Riya presented her progress on implementing physics models into LUCiD, focusing on scattering processes. She explained the differences between the current LUCiD implementation and SKG4, particularly in the handling of Rayleigh and Mie scattering. Riya also discussed the challenges of implementing Raman scattering and the need to determine the overall scattering length in LUCiD. She sought Omar's help in addressing these issues, particularly regarding the non-differentiable nature of the current implementation.
Omar and Riya discussed the implementation of scattering, focusing on the sampling method used for interaction lengths. Omar suggested using probabilities for sampling instead of the SKG4 minimum length approach. They also talked about the potential future inclusion of Raman scattering, but agreed it should be left for later, since SK doesn't have that low wavelength laser calibration. Omar advised Riya to look into inverse CDF methods and reparameterization for improving gradient calculations in the simulation. They decided to follow up offline on this topic as Riya had more questions.

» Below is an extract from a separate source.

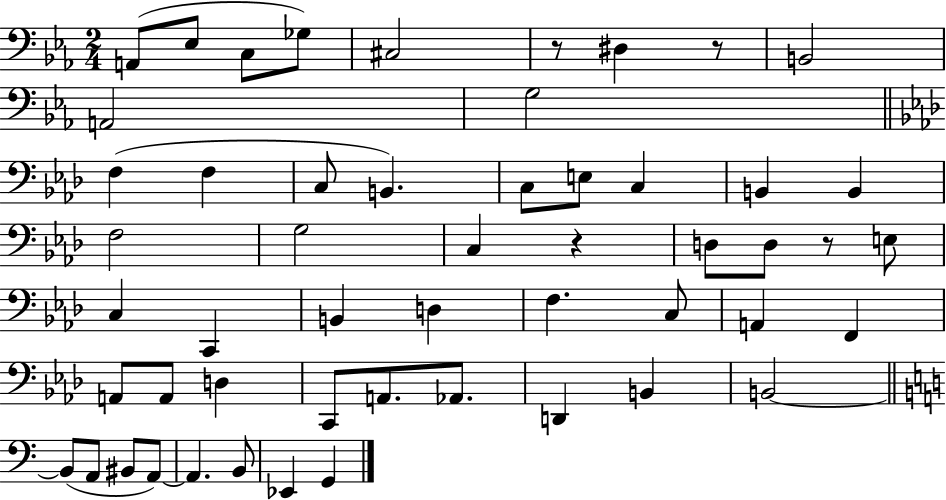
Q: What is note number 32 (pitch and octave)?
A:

OpticSIREN Performance Validation

The team discussed validation of OpticSIREN performance, comparing predicted charge with Geant4 simulated true PE. Zhenxiong presented results showing improved tuning when using true track information instead of reconstructed information, with reduced bias and uncertainty in the opticSIREN predicted charge. Patrick de noted that the improvement in the zeroth bin was not clearly shown in the plots, and Zhenxiong agreed to double-check this. The team also discussed the impact of smearing on position and direction, with Zhenxiong presenting plots showing how uncertainty increases with larger smearing values.

Enhancing Training and Performance Metrics

Patrick de and Zhenxiong discussed the need for more detailed information in the training process, including loss curves, duration, and number of events. They agreed on improving plot styles for better comparison and calculating 68% quantiles to know where fiTQun lies between the chosen smearing values. Zhenxiong acknowledged the similarity between the fiTQun curve and the 100 and 200 curves, and Patrick de suggested overlaying them for clarity. They also discussed the need to ensure performance metrics meet requirements before moving on to data usage, with a focus on improving reconstruction in the top-right quadrant. Patrick proposed using the OpticSIREN for simultaneous reconstruction and tuning, which Zhenxiong confirmed could be feasible.

OpticSIREN Simulation Analysis

The team discussed performance comparisons between OpticSIREN and Monte Carlo simulations, with Patrick Tsang raising questions about bias and model accuracy. Zhenxiong agreed to prioritize further analysis using pre-tuned samples and investigate potential sampling scheme adjustments.
The group also addressed issues with distributed training for SirenTV, which Sam reported was now fixed and in progress. Additionally, they discussed hotel arrangements for an upcoming Tokyo trip, with Patrick requesting participants to provide their names for booking purposes, noting limited room availability.